If you are hoping to affect change in your church’s culture, you will need to build trust and relationships with leaders that are already in place. Leaders will not be effective in leading culture change within the church if they have not yet gained the trust of those they work with or for. So, since you are taking your time, use it to build loving relationship with the people in your church. If you are not able to build these kinds of relationships, you won’t want to be together where you are going anyway. Decide that the people you are traveling with are more important than the destination where you are heading.

Step 4 – Ask.

Most of the time, church cultures exist because of the ways leaders in the church have led. As a result, it is helpful to ask those leaders what they had in mind in certain decisions regarding the church culture. You might be surprised to learn that you have many of the same goals in mind, but have different ideas about how to reach those goals. At that point, you are all on the same team. You just have different ideas about the right game plays. If nothing else, this process can help all parties to understand that you are part of the same body of Christ, looking to fulfill the same Great Commission, and partnering together in how to do that best. And, if you differ on ways to do this, asking gives you the opportunity to work that through in meaningful conversation.

Step 5 – Share.

After you have shown the respect and courage to ask leaders about their thought process, you will likely find that these leaders will return the favor. You should be prepared at this time to be asked about how you would handle given situations and decisions were it placed in your hands. This is the right time and context for you to share your solicited thoughts on how you would choose similarly or differently than leadership has chosen. More often that not, if leadership is going to receive your thoughts will, it will be in a setting such as this. They’ve asked for it! Be respectful and clear, giving a well-prepared plan of action with appropriate reasoning. You may find that the leadership of the church is ready to move and was simply looking for the right plan of action that you have presented. When asked, don’t be afraid to share what you have in mind.

Step 6 – Understand.

Even after being asked for your thoughts on the direction of the church, understand that the answer may still be “no.” This is possible for any position in the church, as we mutually submit to one another out of love and respect for Christ. From the first time Worship Leader to the veteran Senior Pastor, there will be times that the answer is simply “no.” This may be a result of theology, philosophy, vision, finances, stewardship, relationships, limitations on time, or any number of other elements that cause leadership in churches to say no. But, even if this is the case, the process has been helpful. You have learned to align your heart with the Lord, listen to those who know the church better than you, build trust with leadership, ask for leadership’s vision and process, share your thoughts in an appropriate context, and understand if the answer is no. These things are progress in themselves and often, in themselves, have the effect of changing church culture. The answer might be yes next time, and you have moved the starting line.

Step 7 – Repeat.

The last step when you hope to affect change in your church culture is to repeat the process. Leaders in the church must understand that growing the church is an ongoing process.
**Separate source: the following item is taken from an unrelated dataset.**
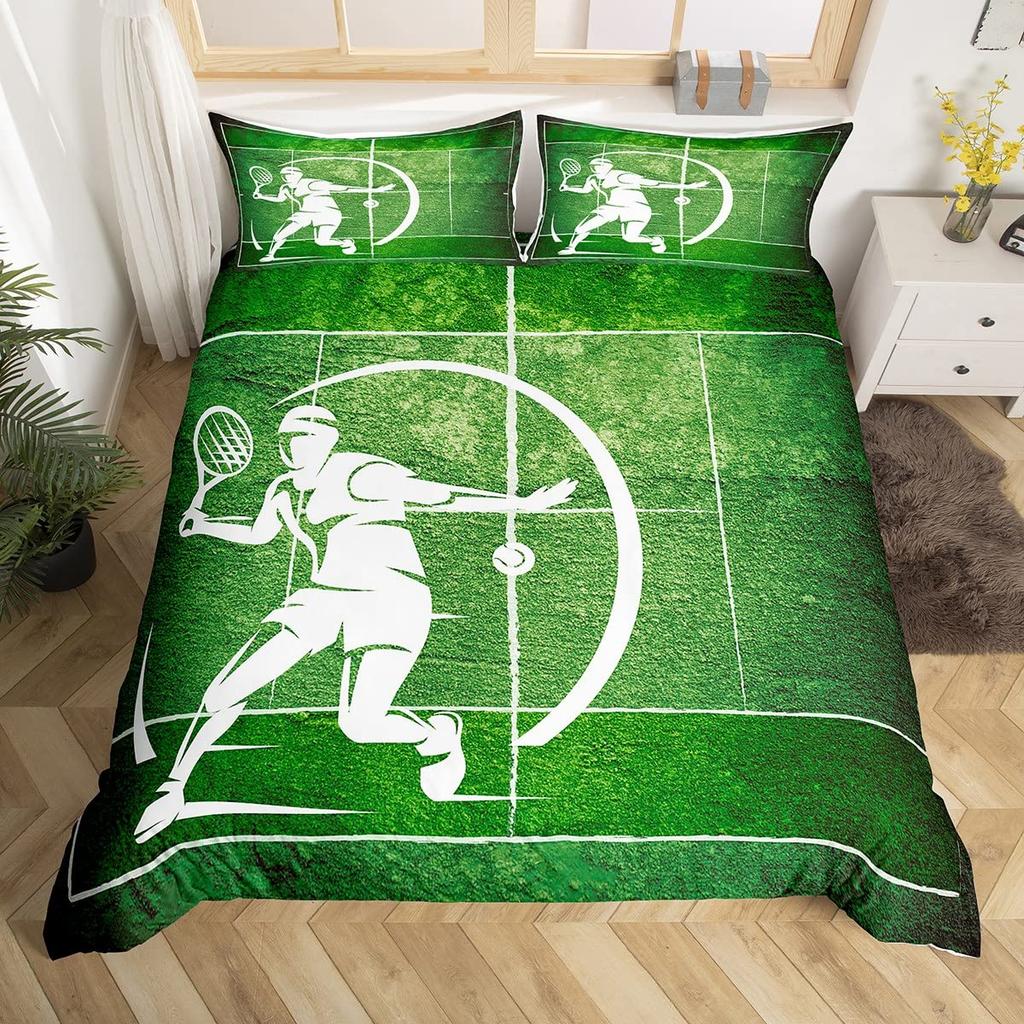 Bettwäsche-Set mit Tennisplatz-Print, Jungen Sportspiele Themen-Bettdeckenbezug, Gelber Tennisschläger Sportgeräte Bettwäsche-Set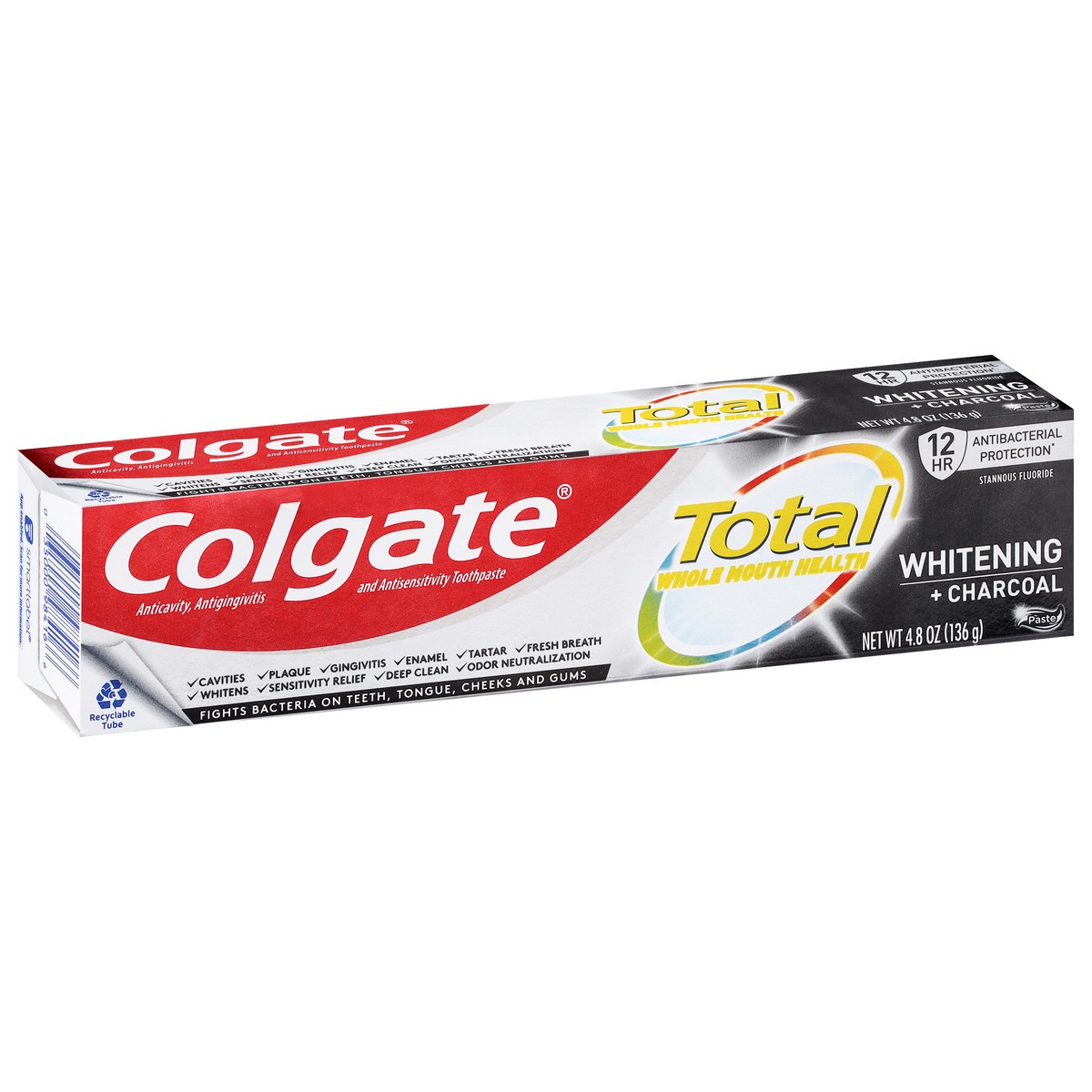 slide 9 of 9, Colgate Total Whitening + Charcoal Toothpaste 4.8 oz, 4.8 oz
There are no quick fixes and this kind of journey is inherent in the shepherding process. A good shepherd does not just point the sheep in a direction and yell, “Go!” Similarly one cannot drive a truck through the flock and expect for the sheep to respond well. Instead, a good shepherd (like our Good Shepherd) walks in the Spirit, walks with the flock, seeks to understand, engenders trust, develops good communication, is humble to serve, and hangs in there even when things get tough. May our Good Shepherd do this for you especially as you head down the long path to affect change in your church culture!